Give every line of the data again, exactly as it is written.

▶ [Data supplied]:
#####

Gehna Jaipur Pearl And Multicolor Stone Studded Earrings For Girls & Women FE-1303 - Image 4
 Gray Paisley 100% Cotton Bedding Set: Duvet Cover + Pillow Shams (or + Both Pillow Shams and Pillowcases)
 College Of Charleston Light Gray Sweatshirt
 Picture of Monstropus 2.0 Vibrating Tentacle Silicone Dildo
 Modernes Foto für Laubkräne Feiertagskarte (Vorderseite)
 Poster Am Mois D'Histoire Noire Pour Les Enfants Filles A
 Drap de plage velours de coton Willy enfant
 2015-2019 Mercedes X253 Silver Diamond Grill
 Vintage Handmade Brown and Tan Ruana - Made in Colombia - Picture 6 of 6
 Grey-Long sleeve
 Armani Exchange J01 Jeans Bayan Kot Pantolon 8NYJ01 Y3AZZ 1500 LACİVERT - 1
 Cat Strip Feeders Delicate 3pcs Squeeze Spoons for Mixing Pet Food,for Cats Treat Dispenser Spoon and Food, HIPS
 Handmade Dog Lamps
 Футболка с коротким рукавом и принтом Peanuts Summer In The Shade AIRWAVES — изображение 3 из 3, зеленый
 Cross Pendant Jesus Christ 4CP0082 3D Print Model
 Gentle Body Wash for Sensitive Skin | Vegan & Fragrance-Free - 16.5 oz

#####

▶ [Written reply]:
Gehna Jaipur Pearl And Multicolor Stone Studded Earrings For Girls & Women FE-1303 - Image 4
 Gray Paisley 100% Cotton Bedding Set: Duvet Cover + Pillow Shams (or + Both Pillow Shams and Pillowcases)
 College Of Charleston Light Gray Sweatshirt
 Picture of Monstropus 2.0 Vibrating Tentacle Silicone Dildo
 Modernes Foto für Laubkräne Feiertagskarte (Vorderseite)
 Poster Am Mois D'Histoire Noire Pour Les Enfants Filles A
 Drap de plage velours de coton Willy enfant
 2015-2019 Mercedes X253 Silver Diamond Grill
 Vintage Handmade Brown and Tan Ruana - Made in Colombia - Picture 6 of 6
 Grey-Long sleeve
 Armani Exchange J01 Jeans Bayan Kot Pantolon 8NYJ01 Y3AZZ 1500 LACİVERT - 1
 Cat Strip Feeders Delicate 3pcs Squeeze Spoons for Mixing Pet Food,for Cats Treat Dispenser Spoon and Food, HIPS
 Handmade Dog Lamps
 Футболка с коротким рукавом и принтом Peanuts Summer In The Shade AIRWAVES — изображение 3 из 3, зеленый
 Cross Pendant Jesus Christ 4CP0082 3D Print Model
 Gentle Body Wash for Sensitive Skin | Vegan & Fragrance-Free - 16.5 oz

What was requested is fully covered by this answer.